Thursday, April 7, 2011
The Power of Water
I clawed along the bottom to pull my way upstream in 2 feet of smooth but quickly flowing water. When I let go of a stone or boulder, I was swept down river, until I was able to dig my toes into the cobbles. I drifted into an eddy slowed by the rooty shoreline and came nose to nose with a tessellated darter who excavated a home from the sand underneath a small cobble, well out of the flow. I swam back towards the middle of the river and allowed the current to carry me down stream. I peeked above the surface every few minutes to gauge how far I had before the river shallows. It will take some time and effort to stop short of the boulders that form a downstream set of rapids.

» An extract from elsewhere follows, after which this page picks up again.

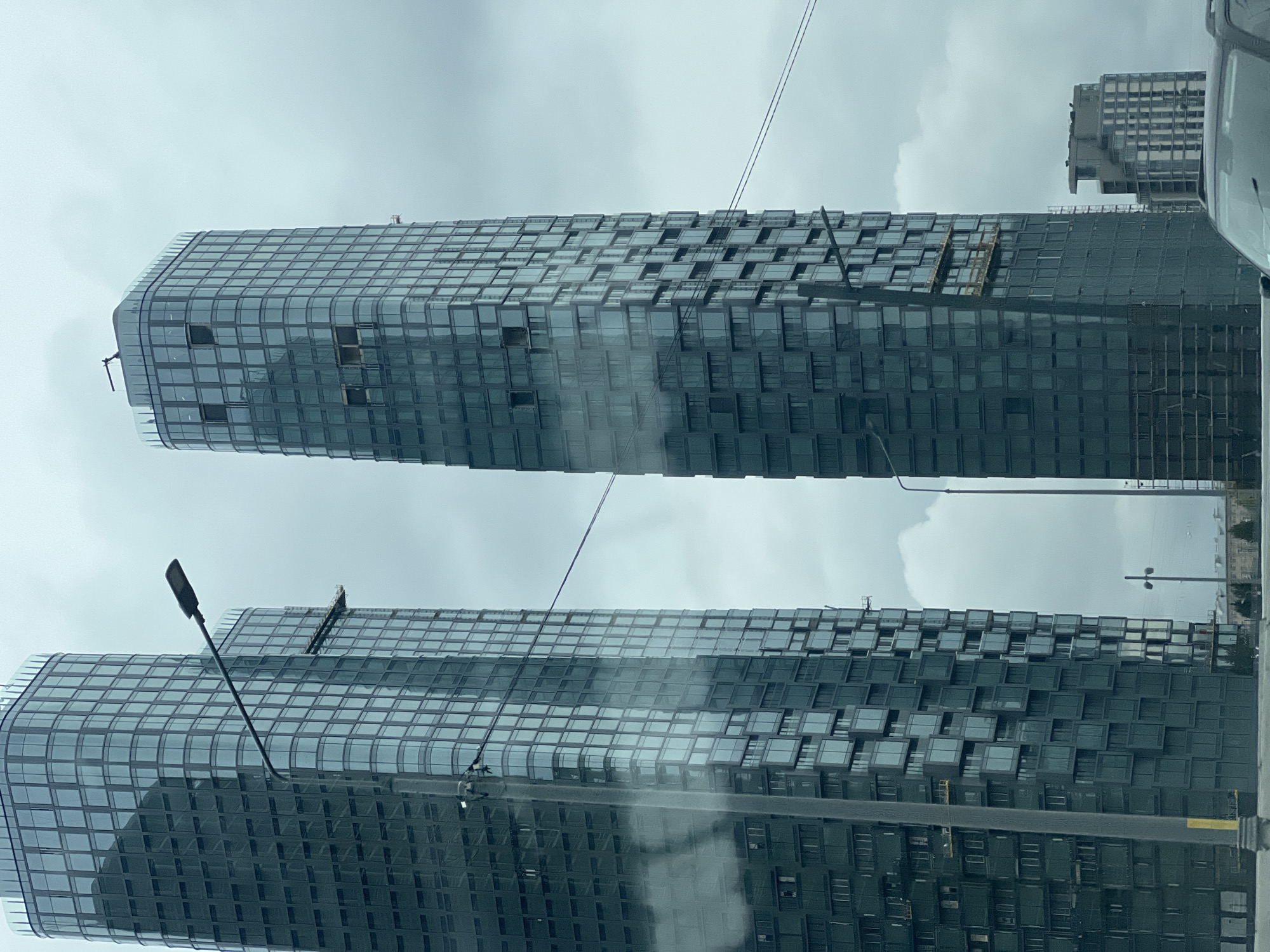 The image shows two tall buildings in Moscow, Russia, viewed from a lower vantage point. The buildings are modern, high-rise structures with glass facades arranged in a grid-like pattern, with protruding window/balcony elements. Some windows on the buildings are missing or open. There is visible construction or maintenance work occurring on the buildings, with scaffolding present. A third building is visible in the background to the upper right. An overcast sky is visible. Light posts are in the foreground, further obscuring the view of the buildings. The image appears to have been taken from inside a vehicle.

I cautiously entered the short rapid and held onto a boulder with one hand, which allowed my body to trail behind in the strong current. Ameletid mayfly nymphs clung to the lee side of rocks. Their black and white banded frilly tails waved in the turbulent water. The darter and mayflies have all devised graceful ways to sustain themselves against the flow that I clumsily struggled against. The bedrock below was scoured smooth, and a submerged whirlpool twirled a stone in a circle that wore a small cup in the rock. Water shaped the course of this river and set its depth. It placed, moved and restructured the rocks that form this rapid. Water is a dynamic force. It’s not done working and the river shifts and changes before my eyes. This will be a different place tomorrow, and almost unrecognizable next year. The holes I knew six months ago are either deeper or gone. One rapid is now a short falls. Nothing is static. Water is a powerful force on our planet. It shapes bedrock, landscapes, ecosystems and lives. It launches wars. Tessellated darters need clean water. Ameletid mayflies need clean water. We need clean water. Life is not possible without it and yet we treat water as if it held no authority. As if our lives didn’t depend on it. We treat water as some kind of throw away commodity rather than giving it the respect and honor it deserves. Many native peoples felt that water was spirit, and I can feel the spirit of this river while I watch the effect it has on the darters, mayflies, bedrock and me.